One of my students jumps up, embarrassed, and rushes to turn it off. “Sorry,” she says, “I forgot to turn off my alarm.” Her alarm clock is her smartphone. She is seven years old.

I remind her gently that devices are not allowed in school and it is best to leave them at home. She nodded and it never happened again with her phone. 

Still, my heart aches over a morning meeting the year before, when we were sharing family memories. A boy told the class, “My brother totally stopped playing with me. He got a smartphone for his birthday, and now after school, instead of playing basketball, he’s inside on his phone.”

“That happened to me too,” a girl chimed in. “My sister and I played all the time until she got her smartphone. Now she’s always in her room.” The whole class nodded in agreement, the kind of empathetic understanding you wish did not exist in childhood.

“I don’t have to worry about that,” another boy added. “I’m an only child!” The class laughed, and the heaviness lifted. We ended up talking honestly about how phones were stealing siblings and friends, and brainstorming ways to bring it up at home.

My brother totally stopped playing with me. He got a smartphone for his birthday, and now after school, instead of playing basketball, he’s inside on his phone.

In nearly 20 years of teaching, I have seen the change. When I wrote my 2005 master’s thesis on how children’s preferred activities were shifting from outdoor play to video games, I never imagined how quickly that shift would accelerate. 

When I first started teaching, children would look up at me with bright eyes and say they wanted to be veterinarians because they loved animals, teachers because they loved helping kids, or athletes because they loved playing sports. Today, the most common answer I hear is, “I want to be a YouTuber” or “an influencer” and they no longer tell me why. When did our children stop dreaming for themselves and start living for strangers?

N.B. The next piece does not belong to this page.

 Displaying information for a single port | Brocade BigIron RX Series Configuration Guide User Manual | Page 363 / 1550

So yes, I celebrated when New York passed its new bell-to-bell cell phone ban. It was a victory for kids’ focus, learning, and well-being. But if school districts leave loopholes, like letting students walk the halls with their phones or use them at lunch, the potential progress will fail. If teachers grant "academic purpose" exceptions for a smartphone instead of utilizing an actual calculator or enforce the rules inconsistently, students will not gain the research-based benefits. They'll learn that the rules depend on the staff member, and they’ll spend each class waiting for a chance to check their phones.

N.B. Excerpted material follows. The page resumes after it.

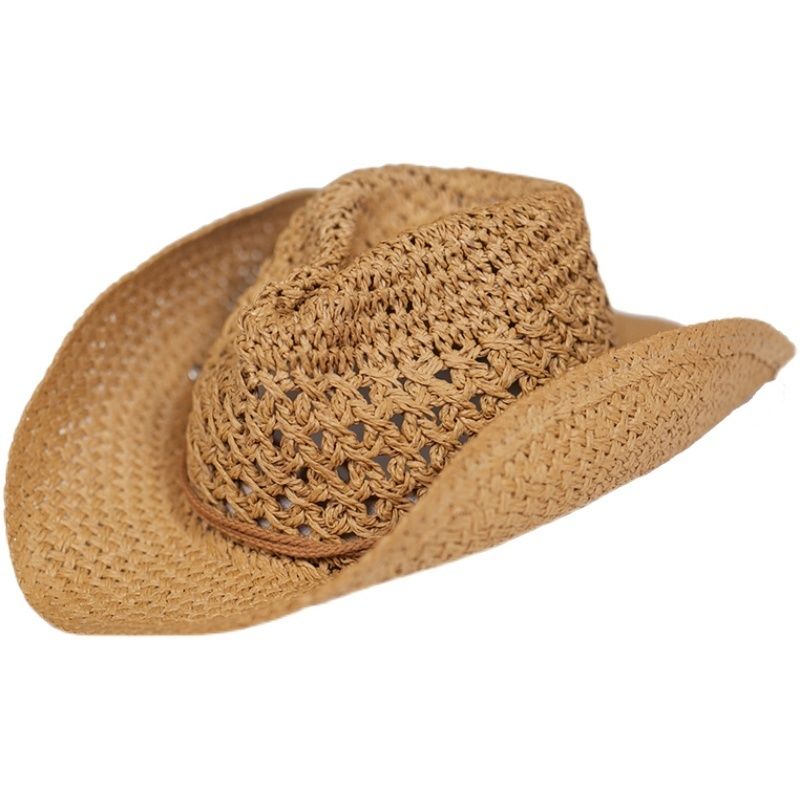 Vintage Western Cowboy Resort Style Woven Visor Women's Straw Hat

When did our children stop dreaming for themselves and start living for strangers?

School districts need to recognize that this is about more than preventing distractions. Done right, this policy can help change the culture, showing children and families that life, learning, and relationships don't have to revolve around a device. Schools can model what a healthy childhood looks like and send a clear, consistent message: your child does not need a smartphone to succeed here.

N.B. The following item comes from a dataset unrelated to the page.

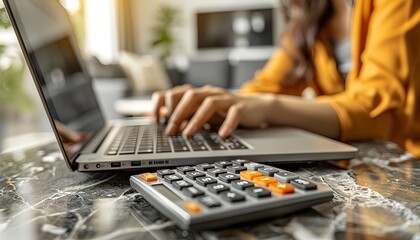 Wall Mural - Person working on laptop with calculator.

There are plenty of alternatives from basic devices without internet access, addictive apps, or social media. Families can use a home phone, flip phones, or even smartwatches like Gizmo or Bark. Limited-access phones from companies like Pinwheel, Gabb, or Lightphone are also great options. Schools should educate their communities and even hold device fairs to teach families about these alternatives. Administrators must stand strong and proudly reinforce why these policies are passing and will continue to pass.

When I was in high school, there was a grassy patch next to the parking lot we called “the smoking section.” Everyone assumed it would always be there. Then our school got rid of it and, in doing so, changed the norm. Phones can follow the same path, but only if the ban is enforced as intended, without carve-outs that weaken its impact.

Bell-to-bell must mean bell-to-bell, in all classrooms and across the entire campus. This is a chance for schools to lead, not just inside classrooms, but in the broader community. We must not squander it. We must make sure no child loses a sibling or friend to a screen because we have normalized handing kids devices. No more first days of school where a teacher is interrupted by a phone ringing, and no more children dreaming of being viewed on a screen instead of living their own lives.